After a daring rescue, a teenager is called a hero and the woman he saved from a dry wash that turned into a raging river is a grateful survivor of some of the worst flooding in Southern California in a century.
Both rescuer, Mark White, 17, and victim, Sally Swanson, 54, are members of the Solemint Ward in the Santa Clarita California Stake. She is a Sunday School teacher; he is a member of the priests quorum. Neither recognized the other during the rescue. In fact, they didn't even know each other, although Sister Swanson and Mark's mother, Linda White, are friends.The news-making drama transpired Monday, Feb. 10, when Sister Swanson, a mother of three and grandmother of seven, left work early as manager of a western wear store to check on the animals on her ranch in Santa Clarita's Canyon Country, about 5 miles away. "I wanted to cross the wash before the flooding got too bad," she said in a Church News telephone interview. "I was driving a big 10-passenger van, and was doing fine until I got about three feet from the other side of the wash and the van stalled."
She tried attracting help by honking the van's horn, but soon figured it couldn't be heard above the roar of the water that was rapidly turning the wash into a river, which eventually measured some 20 feet wide and up to 6 feet deep. After a log broadsided the van and set it adrift she climbed out, perching momentarily on the hood.

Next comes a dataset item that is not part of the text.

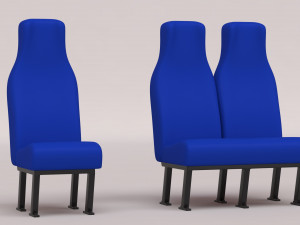 Van Seats printable 3D Print Model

"I thought I could wade across," she said. "I grabbed hold of the grill and got in the water. The force of the water was so strong that it put me into a horizontal position and took my cowboy boots off. All I could do was hang on. I felt the van turning over. I turned loose so I wouldn't end up under the van. I was swept downstream, end over end.
"After a little while, I saw a young man standing on the embankment. I yelled for help, then was upended again. The next thing I knew, he grabbed me."
The young man was Mark White, a muscular high school football player, who stands 6-foot-1 and weighs 190 pounds. Sister Swanson, according to one of her friends, is "tiny, about 5-foot-3, and weighs no more than 98 pounds, soaking wet."
Mark had gone into the yard to look at the wash behind his family's property. He heard Sister Swanson yell. "When I saw her, I realized she was in big trouble," he said. "I was up on a hill, and a fence and some bushes were between us. I ran to the end of the fence, where it was clear. When I got there, I had about two seconds before I had to jump into the water."
Mark said he didn't really think about what he was doing. "I just acted on reflex. I jumped as far out into the water as I could and landed just kind of downstream from where she was coming. She was there immediately. She rammed into me and knocked me back a little. I lost my footing, so we were both carried some distance."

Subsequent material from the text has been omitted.